But as others have said, this is definitely premature optimization (and microoptimization at that).

Let's do a bit of math.

You have a CPU. It's probably around 3GHz (A bit less if it's AMD, a bit more if it's Intel)

That means it can do 3 * 10^9 cycles per second. Each cycle, it can perform up to three instructions.

So in one second, it can do 9 * 10^9 instructions (theoretical peak).

Now, most instructions have a latency of 1-4 cycles.
So, what if you do pick a 4 cycle instruction instead of one that only takes 1?

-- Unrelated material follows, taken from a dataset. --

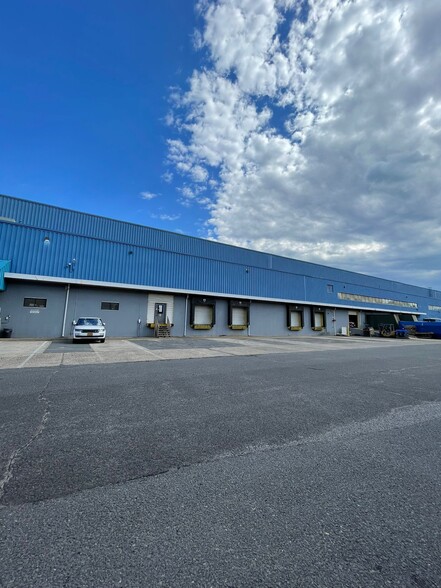 55 Talmadge Rd, Edison, NJ for lease - Building Photo - Image 3 of 13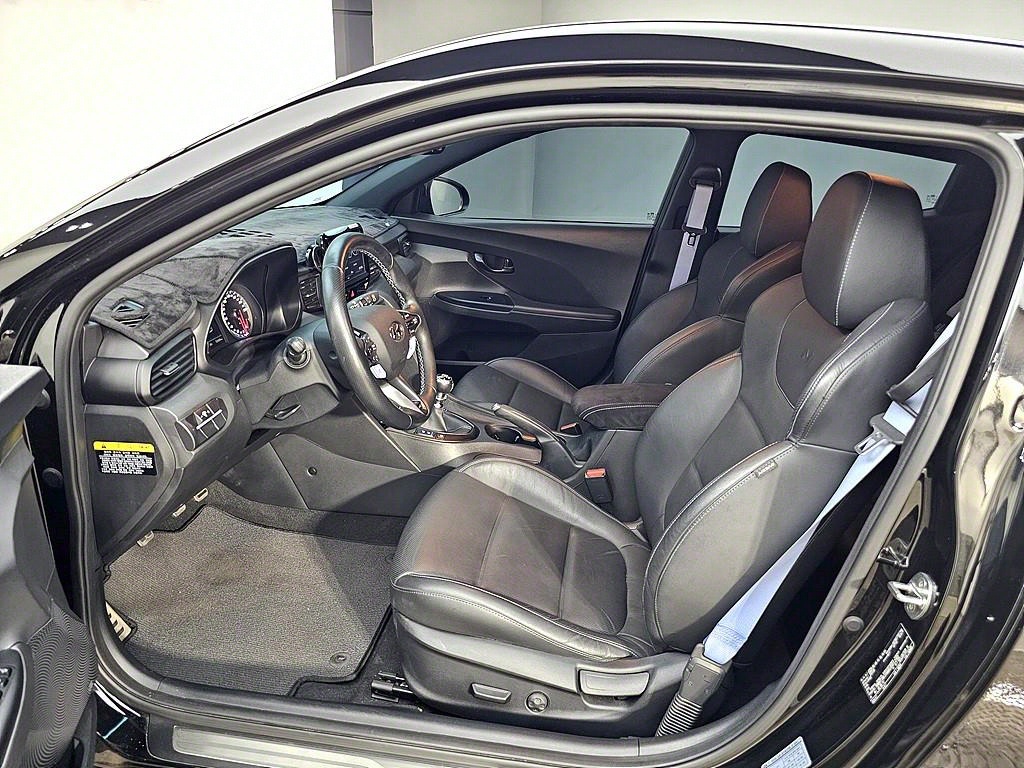 HYUNDAI Veloster - Vista 8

Well, you waste a whopping 3 cycles *if*, and only if, the following instructions depend on the result from this instruction. (But usually that won't happen, because the compiler tries to schedule instructions to avoid these dependencies, and even if it fails, the CPU itself attempts the same). So most likely, it won't slow you down at all)
3 cycles? That's about a nanosecond. And this is in the worst case. You could do this a million times in a second, and it still wouldn't make a noticeable difference (it'd slow you down by one millisecond)

Oh, and just because everyone else skipped past it, RAZORUNREAL had a valid point too. *If* you iterate through all pixels (or anything else in a 2d array), make sure you take one row at a time, rather than a column. Why? The CPU cache likes that *much* better. Can easily double your performance.